On the second floor we had a huge square hall, which held two hundred and fifty people. When the volunteer groups came, General Nicolaev was our guest for fifteen days, and a feast was organized in our house. There were armchairs, sofas covered with green velvet in that room, on the ends of the armchairs there were gilt lions, on the table a pair of field glasses and an album of the ruins of the town of Ani. Lake Van was visible from one of our balconies. From the other balcony we could see the Sipan Mountain buried in azure, to the south started the Taurus Mountains, to the north lay the village of Shahbagh and Akervetin — the famous Crow Stone of Mher and the flower field, which looked white, from there the Turks attacked later.
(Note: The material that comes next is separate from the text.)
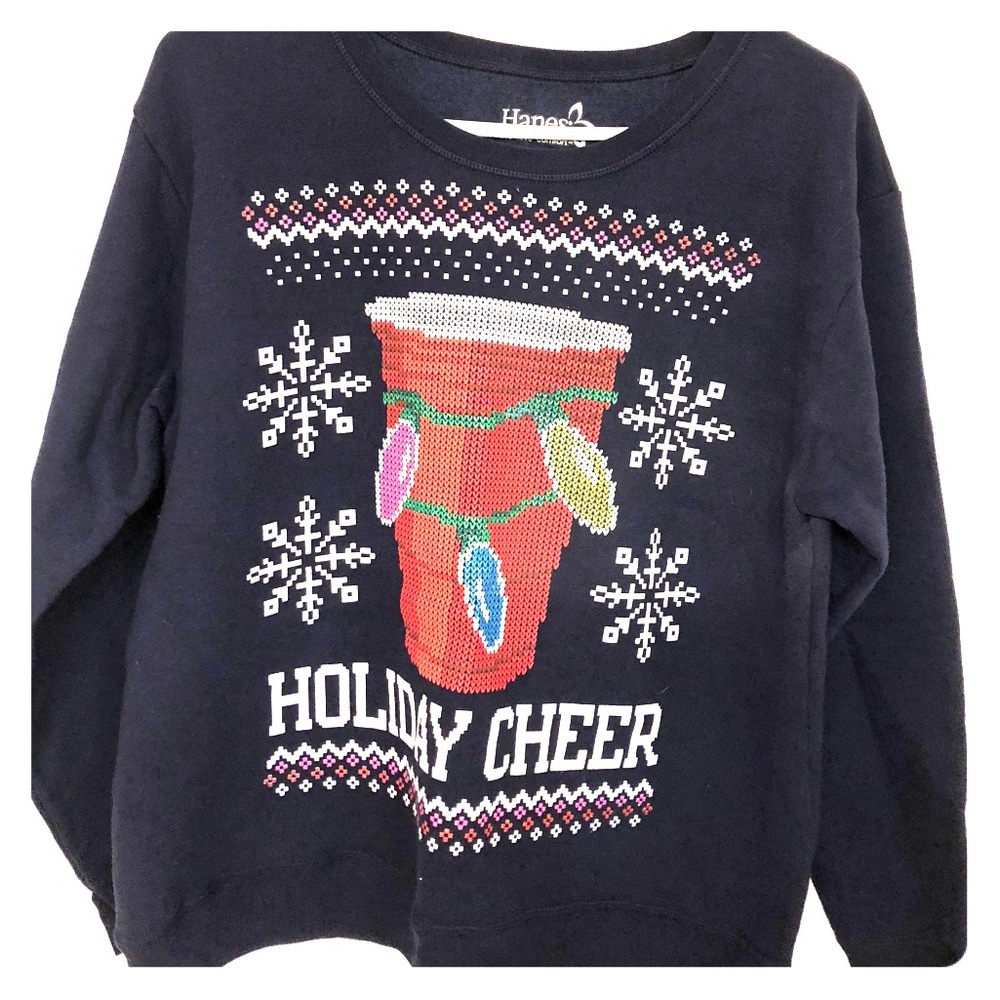 Holiday sweater.
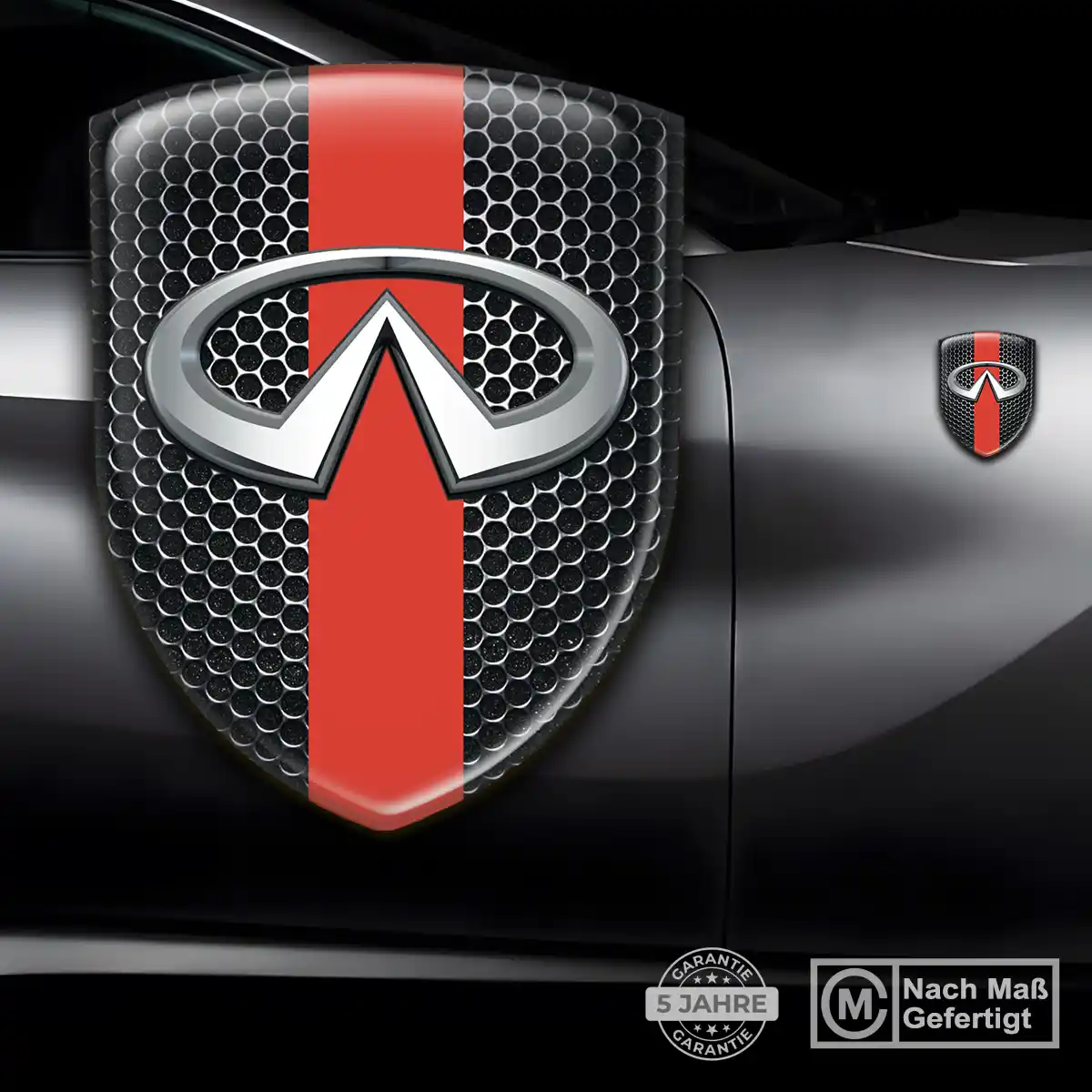Infiniti Silikon Aufkleber Embleme Auto Stilvolles Design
The Dashnak House was near our house. There were also Hnchak and Ramkavar party members. All those parties were revolutionary, but it would be good if their efforts were devoted to the same purpose. We should have one party as it had been in Van. Vardges Sarengyulian and Zohrap were members of the Constantinople Parliament. We had fedayis, too. Tigran Deroyan was well-known.
The inhabitants of Van were armed. There were four fire-arms in our house, which the men kept in their pockets. When the war of 1914 broke out, father handed over the arms to the Turkish government. After the 1909 Adana tragedy, the people of Van thought about arming themselves. They gathered money and asked Vramian and Davtian for help. They went to Constantinople; they met Zohrap and Sarengyulian and explained the matter to them.
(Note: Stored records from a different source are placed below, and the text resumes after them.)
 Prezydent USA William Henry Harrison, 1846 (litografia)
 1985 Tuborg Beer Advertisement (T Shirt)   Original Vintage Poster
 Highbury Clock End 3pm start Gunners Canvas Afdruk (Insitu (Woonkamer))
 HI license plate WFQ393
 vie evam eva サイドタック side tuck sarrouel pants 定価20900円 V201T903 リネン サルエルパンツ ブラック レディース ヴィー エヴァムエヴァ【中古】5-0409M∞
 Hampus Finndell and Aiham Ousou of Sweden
Until 1915 we had political activists in Van as Vramian, Vahan Papazian, Artak Darbinian, Paramaz and Ishkhan. The Hnchaks could play a great role had they been able to keep secrets. In 1914 the Turks found out about the conference organized in Constantsa and they hanged twenty Hnchak members in the Bayazet square of Constantinople.
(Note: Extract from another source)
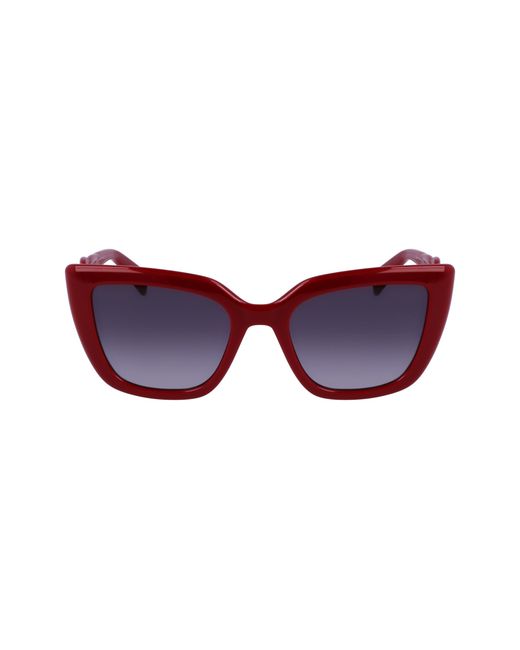 Liu Jo Black Lj789S 600 Sunglasses Bio-Inject Cat Eye Normal Shaded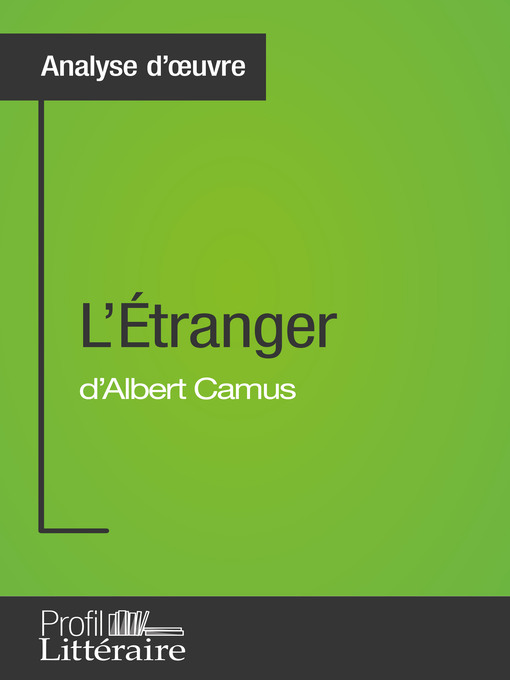 Title details for L'Étranger d'Albert Camus (Analyse approfondie) by Julie Pihard - Available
Paramaz had come to Van in order to try the effect of the Hnchak influence there, but he saw that the Dashnaks were numerous in Van and well-organized. The traditions of the Armenakans were strong. They gave many martyrs as Mkrtich Avetissian and others.
There has been a time when there weren't persecutions against the Armenians in Turkey and the Armenians' condition was good. The Armenians could live in harmony and peace with the Turks.
After the Constitution they began recruiting the Armenian men from eighteen to forty-five years of age. Many Armenians gave fifty gold coins and were freed from the military service. My brother was getting ready to leave for Paris, and the other brother — for Switzerland, when the chaos began. The Kurds always were attacked the people coming and going from the town. The Kurds were plunderers and the Turkish government didn't prevent them.
Until 1914, the Turks had unofficially intensified the violences, the Armenians were moderating them diplomatically, but at the same time they were getting armed.
There was a Women's Union in Van. The fedayis came to our house disguised. We used to call them 'ghachagh' (outlaw). They were supplied with food, so they came and gave accounts. We, the children, knew that we shouldn't tell anyone anything about them. We knew that the 'ghachaghs' were revolutionaries. I knew many of them personally.
We were also in good relations with the Turk governor Djevdet and Gassim beys. Mother and I visited them at their houses.
"After the 1909 Adana tragedy, the people of Van thought about arming themselves." Ironically, the reason for Adana boiled precisely down to the fact that every Armenian was armed, and began to arrogantly throw their weight around. We are next told that Van Armenians went to the capital and asked for the help of parliamentarians Krikor Zohrab and Sarengyulian. I wonder what the response was; if they were conspiring with the rebels, their subsequent arrests would have been justified.. Genocide lore tells us these two were "murdered" in the "genocide." It's said in non-genocide sources that Jemal Pasha tried and executed the perpetrators.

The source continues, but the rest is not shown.